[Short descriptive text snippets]
——————
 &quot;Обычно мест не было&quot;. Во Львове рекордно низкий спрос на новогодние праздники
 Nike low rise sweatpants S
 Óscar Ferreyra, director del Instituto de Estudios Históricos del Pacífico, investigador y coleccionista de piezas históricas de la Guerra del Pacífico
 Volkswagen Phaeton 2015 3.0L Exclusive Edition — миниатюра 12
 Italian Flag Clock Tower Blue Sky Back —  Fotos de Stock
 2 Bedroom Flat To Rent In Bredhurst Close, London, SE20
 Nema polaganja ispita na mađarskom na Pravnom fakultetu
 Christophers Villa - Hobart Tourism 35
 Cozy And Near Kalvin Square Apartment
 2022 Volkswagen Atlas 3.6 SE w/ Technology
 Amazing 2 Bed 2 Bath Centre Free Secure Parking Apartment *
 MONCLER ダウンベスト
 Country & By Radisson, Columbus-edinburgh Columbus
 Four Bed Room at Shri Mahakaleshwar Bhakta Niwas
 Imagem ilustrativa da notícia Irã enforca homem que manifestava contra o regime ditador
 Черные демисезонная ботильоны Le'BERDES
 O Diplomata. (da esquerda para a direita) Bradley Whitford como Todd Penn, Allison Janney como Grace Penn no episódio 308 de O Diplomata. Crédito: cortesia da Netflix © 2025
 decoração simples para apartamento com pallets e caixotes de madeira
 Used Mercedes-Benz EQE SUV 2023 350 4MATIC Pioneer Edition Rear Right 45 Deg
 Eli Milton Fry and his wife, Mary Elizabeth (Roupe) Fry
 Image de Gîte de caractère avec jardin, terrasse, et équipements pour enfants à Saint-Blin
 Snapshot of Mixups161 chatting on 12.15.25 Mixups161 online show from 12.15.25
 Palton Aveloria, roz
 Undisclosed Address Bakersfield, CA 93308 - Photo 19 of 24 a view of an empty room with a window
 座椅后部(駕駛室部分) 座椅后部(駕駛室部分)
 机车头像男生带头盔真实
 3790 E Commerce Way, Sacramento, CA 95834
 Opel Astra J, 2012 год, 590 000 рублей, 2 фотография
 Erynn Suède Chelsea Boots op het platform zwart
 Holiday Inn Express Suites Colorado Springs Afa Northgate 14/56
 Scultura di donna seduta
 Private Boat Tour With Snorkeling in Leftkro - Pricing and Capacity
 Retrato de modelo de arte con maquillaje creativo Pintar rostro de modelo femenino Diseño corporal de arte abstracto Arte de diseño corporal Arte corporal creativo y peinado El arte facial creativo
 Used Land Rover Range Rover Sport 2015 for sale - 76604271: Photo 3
——————
* Task brief: Write the data out once more, exactly as it was given.

* Answer to this problem:
 &quot;Обычно мест не было&quot;. Во Львове рекордно низкий спрос на новогодние праздники
 Nike low rise sweatpants S
 Óscar Ferreyra, director del Instituto de Estudios Históricos del Pacífico, investigador y coleccionista de piezas históricas de la Guerra del Pacífico
 Volkswagen Phaeton 2015 3.0L Exclusive Edition — миниатюра 12
 Italian Flag Clock Tower Blue Sky Back —  Fotos de Stock
 2 Bedroom Flat To Rent In Bredhurst Close, London, SE20
 Nema polaganja ispita na mađarskom na Pravnom fakultetu
 Christophers Villa - Hobart Tourism 35
 Cozy And Near Kalvin Square Apartment
 2022 Volkswagen Atlas 3.6 SE w/ Technology
 Amazing 2 Bed 2 Bath Centre Free Secure Parking Apartment *
 MONCLER ダウンベスト
 Country & By Radisson, Columbus-edinburgh Columbus
 Four Bed Room at Shri Mahakaleshwar Bhakta Niwas
 Imagem ilustrativa da notícia Irã enforca homem que manifestava contra o regime ditador
 Черные демисезонная ботильоны Le'BERDES
 O Diplomata. (da esquerda para a direita) Bradley Whitford como Todd Penn, Allison Janney como Grace Penn no episódio 308 de O Diplomata. Crédito: cortesia da Netflix © 2025
 decoração simples para apartamento com pallets e caixotes de madeira
 Used Mercedes-Benz EQE SUV 2023 350 4MATIC Pioneer Edition Rear Right 45 Deg
 Eli Milton Fry and his wife, Mary Elizabeth (Roupe) Fry
 Image de Gîte de caractère avec jardin, terrasse, et équipements pour enfants à Saint-Blin
 Snapshot of Mixups161 chatting on 12.15.25 Mixups161 online show from 12.15.25
 Palton Aveloria, roz
 Undisclosed Address Bakersfield, CA 93308 - Photo 19 of 24 a view of an empty room with a window
 座椅后部(駕駛室部分) 座椅后部(駕駛室部分)
 机车头像男生带头盔真实
 3790 E Commerce Way, Sacramento, CA 95834
 Opel Astra J, 2012 год, 590 000 рублей, 2 фотография
 Erynn Suède Chelsea Boots op het platform zwart
 Holiday Inn Express Suites Colorado Springs Afa Northgate 14/56
 Scultura di donna seduta
 Private Boat Tour With Snorkeling in Leftkro - Pricing and Capacity
 Retrato de modelo de arte con maquillaje creativo Pintar rostro de modelo femenino Diseño corporal de arte abstracto Arte de diseño corporal Arte corporal creativo y peinado El arte facial creativo
 Used Land Rover Range Rover Sport 2015 for sale - 76604271: Photo 3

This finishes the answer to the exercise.